勉強会2日目は、全国老人福祉施設協議会 阿比留志郎副会長による「養護老人ホームを取り巻く環境 増加する介護ニーズへの対応 ~問われる特定施設の真価~」と題して講演をいただきました。

 まずはじめに、高齢者を取り巻く情勢として、家族構成の変化により家族介護・扶養の困難さ、2025年問題(団塊の世代が75歳になり医療・社会保障費の膨らみと介護担い手不足)、2040年問題(高齢者人口のピークと全国の半分の自治体の存続が難しくなる予想)、 後期高齢者人口の市町村格差(都市部では急速に増加するが、もともと高齢者人口が高い地方では減少する市町村もあり、地域特性に応じた対応が必要)、年齢階層別の医療・介護に係わる費用(65~74歳に比べ、75歳以上の医療費は約4倍、介護費は約9倍)について解説。このような状況を踏まえ、給付費の抑制はやむを得ない状況ではあるが、抑制の仕方を国に伝える役割があると説明された。

image 次に、現在までの制度改革の背景と今後の方向性について解説。過去3年間の社会保障関係費は、各種改訂等(平成25年生活保護の適正化・平成26年藥価改訂・平成27年介護報酬改訂等)により年平均0.5兆円程度の伸びに抑制されてきた。しかし、今後も社会保障関係費の増加が見込まれるなか、平成30年に医療と介護の同時改訂にむけた話し合いが始まっている。医療介護改革検討項目としては、①医療・介護提供体制の適正化②インセンティブ改革③公的サービスの産業化④負担能力に応じた公平な負担、給付の適正化の4点である。その中では特に要介護認定率や一人当たりの介護費を分析し平均を出すことで、サービスを控える市町村が出てくる可能性が懸念される事、軽度者に対する対応については、生活援助と福祉用具貸与や住宅改修の自己負担化、要介護1・2の通所介護サービス等が地域支援事業へ移行での市町村格差に対する懸念について解説。今後の方向性としては、財源がないので効率化を図る、吟味の上でサービス提供は要介護3以上、要介護1・2は地方にという流れであると説明された。また、複雑多様化する福祉ニーズを効率的に提供するために、地域住民の互助・共助の取り組みを育みつつ、対象者の状況に応じて、分野を問わず包括的に相談・支援を行うこと、福祉サービスを地域の実情に合わせ総合的に提供できる新しいシステム作りについても検討され、取組事例などを用いながら説明された。

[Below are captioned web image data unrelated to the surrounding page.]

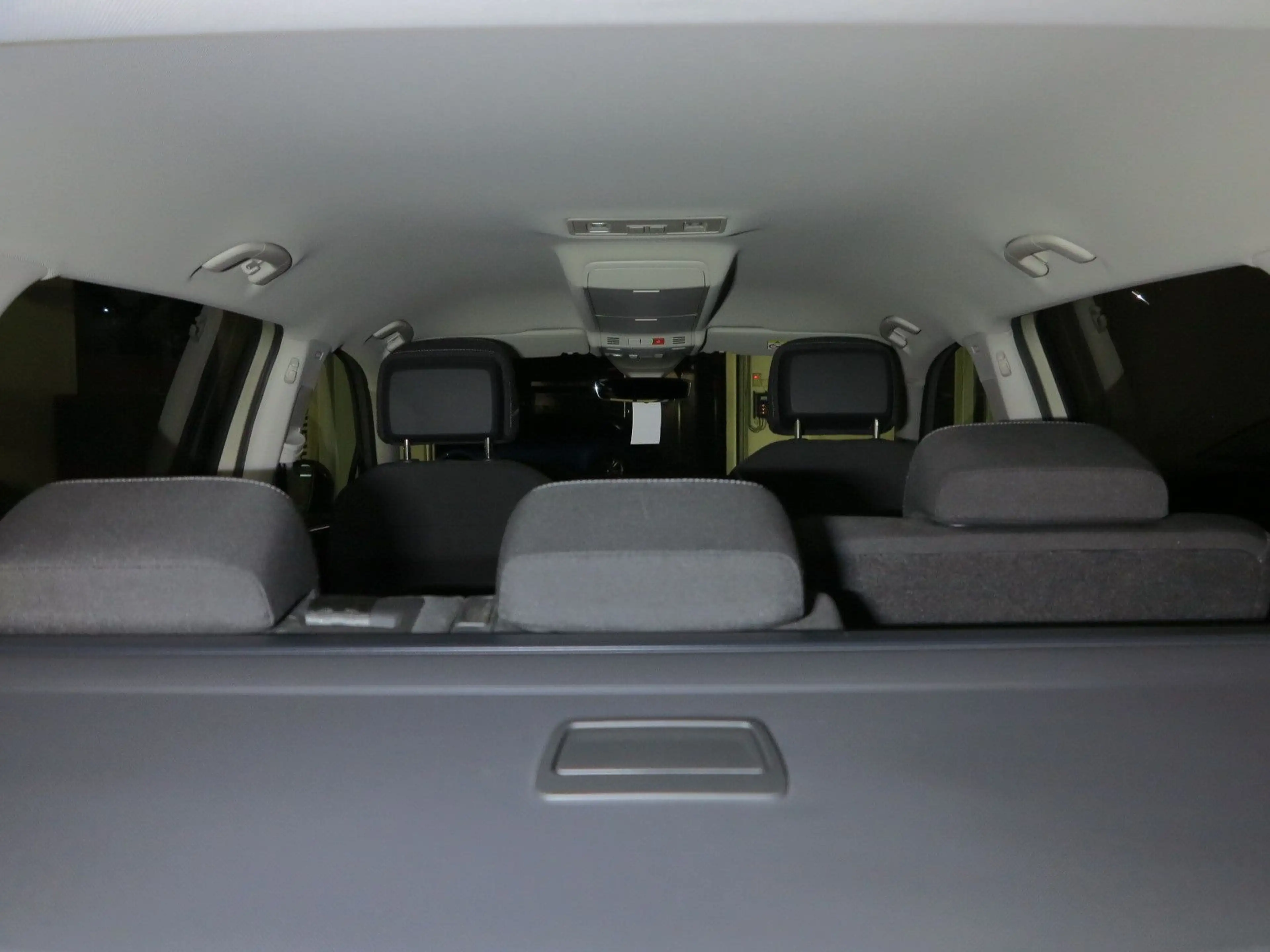 Volkswagen Tiguan Allspace 2.0 TDI SCR 4Mot DSG7 Elegance — photo 14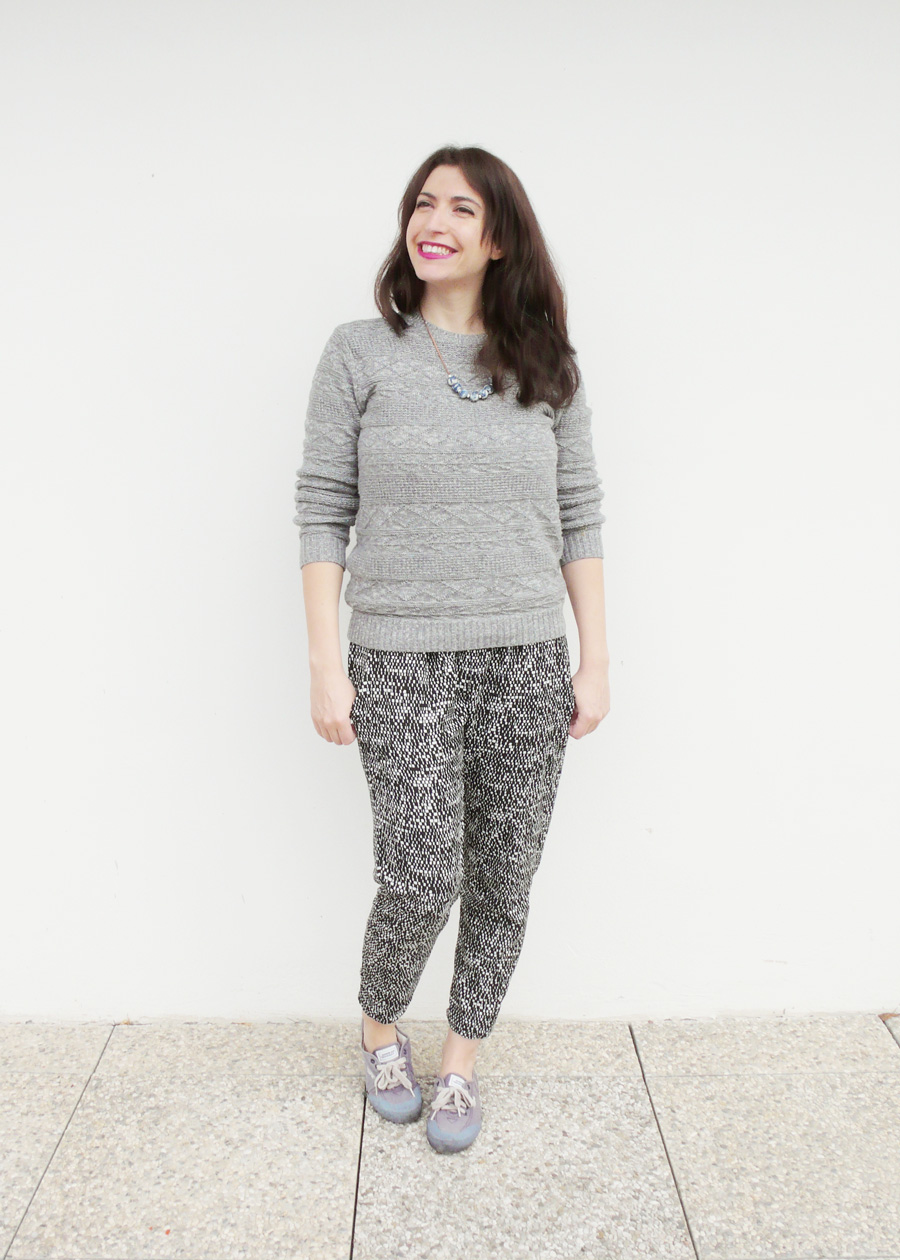 Handmade Wardrobe: a pair of True Bias Hudson pants in a woven fabric (of joy) Handmade Wardrobe: a pair of True Bias Hudson pants in a woven fabric (of joy)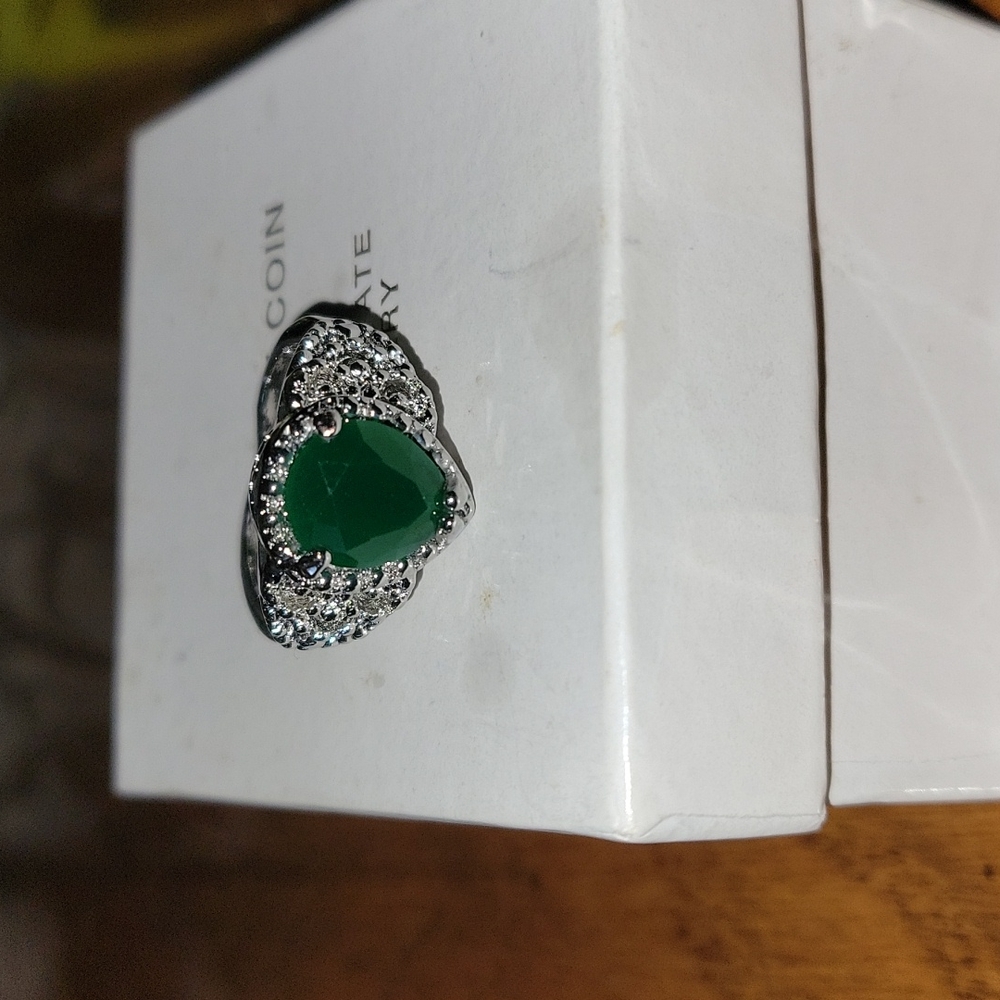 Pretty Ring - image 1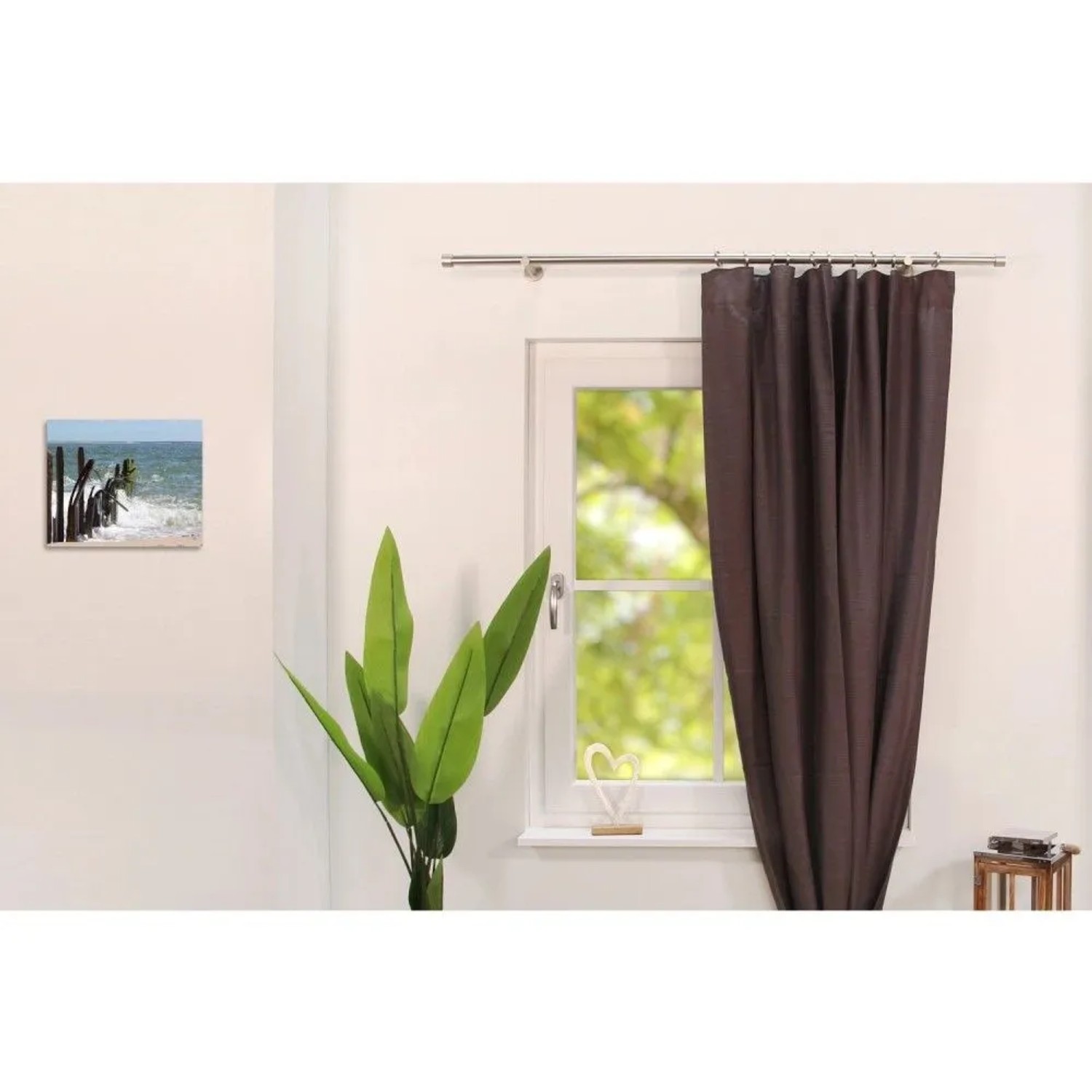 Edelstahl-Optik Gardinenstange nach Maß, Ø 25mm, mit Kappe und braunem Vorhang am Fenster.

 このような国の流れの中で、養護老人ホームにおいても重度・多様化が進み、平成16年外部介護サービス利用型措置施設への転換や、平成25年入口支援強化のため自前でニーズを見つける在宅介護支援センター機能の付加、今年度は養護老人ホームに期待される役割を担う職員の人材育成ツールをどう作っていくかの話し合いが行われている。今後の養護老人ホームのあり方としては、①地域への積極的アウトリーチを実施し対象者の把握と行政等との連携対応能力を備える(入口支援)、②入所者の多様性に併せた対応能力を持つ職員育成と共に地域の高齢者や事業所との連携を強化した生きがい作りへの取組、③自立支援を積極的に実施し地域移行に取り組むと共に、地域移行が困難な者についても伴走型の支援を実施(出口支援)、④養護老人ホームがこうした改革をすすめることにより自治体や地域住民からの理解と支援を得ることが必要である。これらを行うことにより、施設本来の役割や機能が衰退することはなく、施設を拠点とした支援対象者の範囲が地域全体へ拡充することにより新たな顧客の創出(措置控えへの対策)と切れ目のない支援体制の強化に繋がり、結果地域での暮らしを守る「支援」のあり方を進化させ、こういった活動が地域貢献、養護老人ホームが必要だと言われるようになると締めくくられた。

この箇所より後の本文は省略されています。